ARTIK ** USA 2019 Dir: Tom Botchii Skowronski. 78 mins
The Artik of the title, as essayed by Jerry G Angelo, is a midwestern husband and father who wants his young son Adam (Gavin White) to carry on his work: he prepares for this by taking the kid out on the backroads in New Mexico to help with the clear-ups after Dad has slaughtered passing strangers. While the comic book obsessed Artik and his wife (Lauren Ashley Carter) ponder over their unrealistic ambitions, Adam meets a sympathetic stranger (Chase Williamson) and things start to change dramatically.

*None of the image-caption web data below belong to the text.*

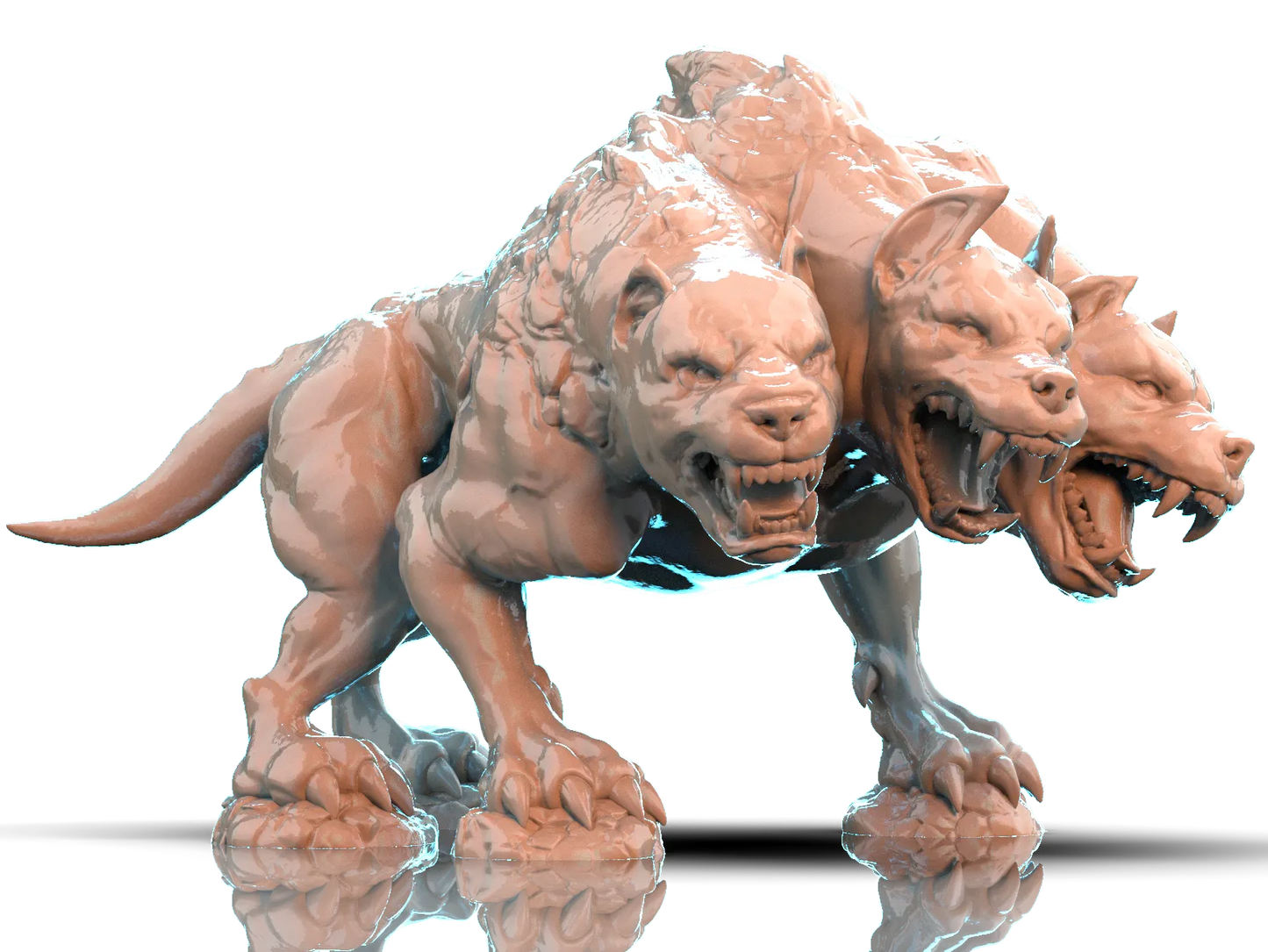 Brayan Nafarrate - Bestiary #1 - Cerberus - DnD/TTRPG Figure/Miniature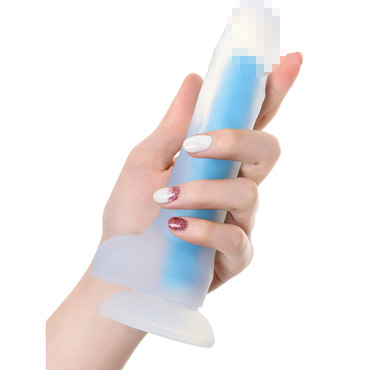 Новинка раздела Секс игрушки - Toyfa Beyond Matt Glow, прозрачно-синий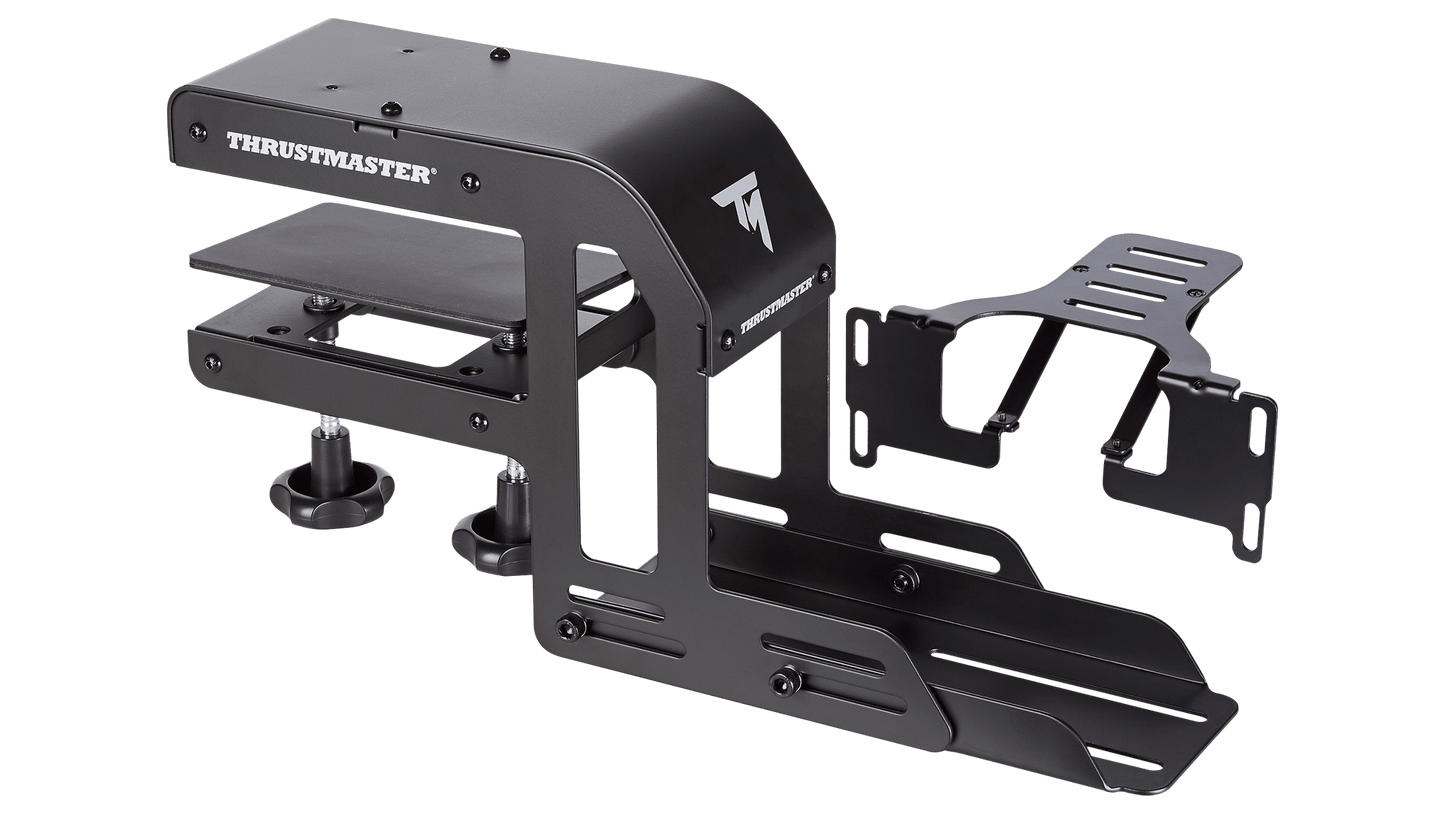 Thrustmaster Racing Clamp – Système de fixation – Pince en métal pour levier de vitesses et frein à main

Barely feature length – it comes in around 69 minutes before the end credits – this starts as a well-acted, compelling character-driven piece with a gritty, talky opening stretch in the poor-white-trash psychological horror vein. It also delivers a quite shocking, literally in-your-face bit of violent business with a fork. Alas, despite an impressive look for a low budget film, it devolves into yet another torture movie, with a second half that feels very old hat and undoes the good work done by the actors. Writer-director Tom Botchii Skowronski, graduating from short films such as NIGHT TERRORIZER, 11 MINUTES and GOLDBLOODED, displays enough promise to suggest his future features will be worth keeping an eye out for.